The Real Snow White: A 16th Century Countess?

Portrait of Margarete von Waldeck

Most of us associate the origins of Snow White with Willhelm and Jacob Grimm’s 19th century publication of Kinder- und Hausmärchen (Children’s and Household Tales) which is a volume of German folklore collected by the Grimm brothers and not actually composed by the two.  So where did this tale actually come from?   Is it really just the product of an unknown story-teller’s imagination or was this famous fair-faced maiden based on historical fact?   German scholar Eckhard Sander presumes in his book Schneewittchen: Marchen oder Wahrheit? (Snow White: Is It a Fairy Tale?) that the real Snow White was in fact Countess Margarete Von Waldeck.

Margarete was daughter to Count Phillip von Waldeck-Wildungen and step-daughter to Katherina of Hatzefeld, whom Margarete did not get along with.  At the age of sixteen, Margarete was sent away to Wildungen, Brussels where she met and fell in love with Phillip the II, who would later become king of Spain.   A marriage between the Spanish prince and German countess was seen as politically disadvantageous by many and Margarete’s untimely death all-too-conveniently ended the affair.

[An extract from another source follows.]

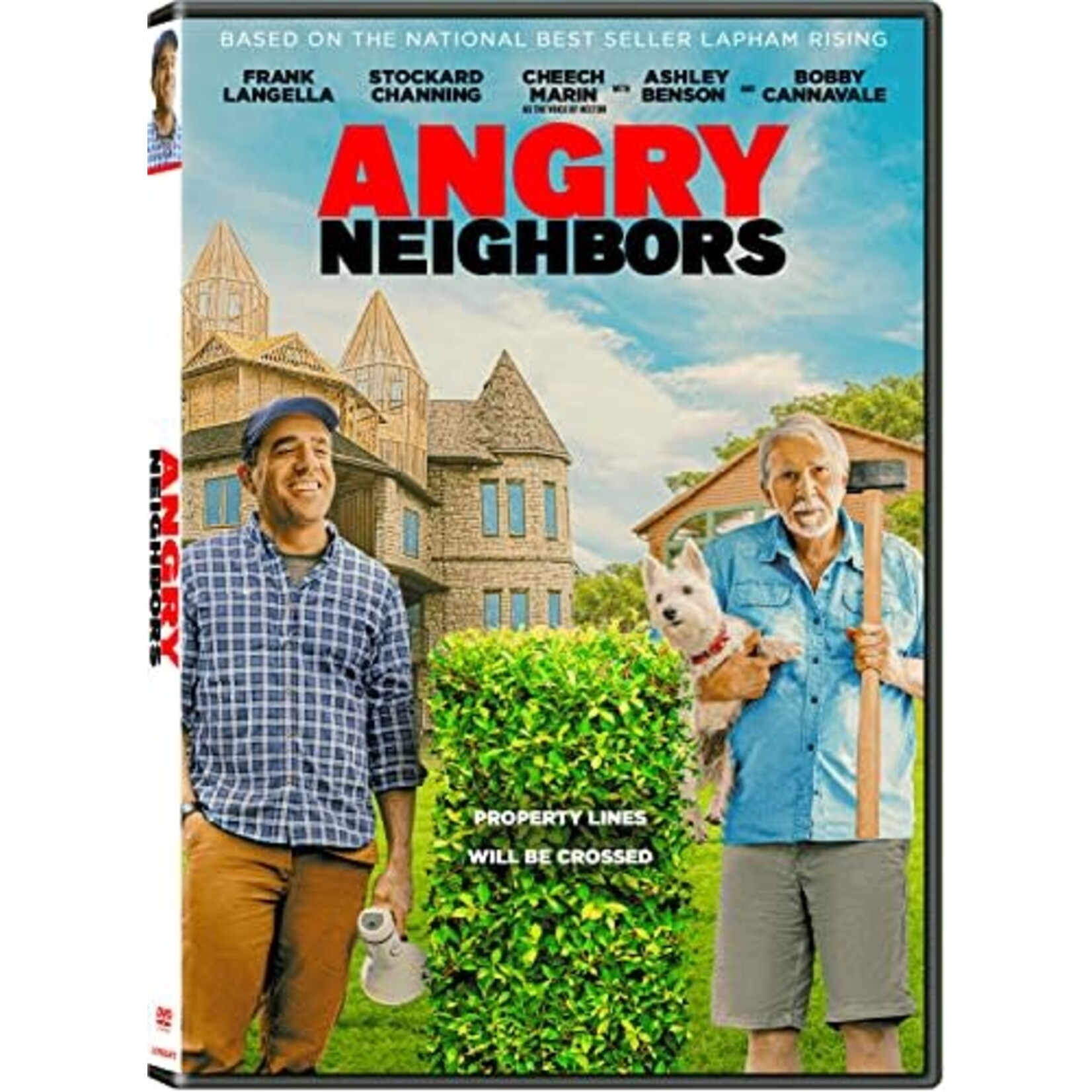 Angry Neighbors (2022) [USED DVD]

According to Sander, Margarete did not die of some unknown illness, but was poisoned by the Spanish secret police to keep her from marrying the future king.  However, her “wicked” stepmother couldn’t have been the culprit since she was dead before Margarete’s death.  While it is unlikely that the weapon of choice was an apple, poisoned apples were given out by a man living in Wildungen who didn’t want children stealing his fruit.  And as for the seven dwarves, Maragerete’s brother owned copper mines in Wildungen which employed children who worked twelve hour days.  The children grew crooked and crippled from the work. Their hair grayed prematurely and most were dead before the age of  twenty.  Thus, they looked much like the dwarves from the Brothers Grimm’s tale.  According to Sander, the many parts of the story from this particular region were told and retold until they became the tale that the Grimm’s brothers recorded and we now know as “Snow White and the Seven Dwarves.”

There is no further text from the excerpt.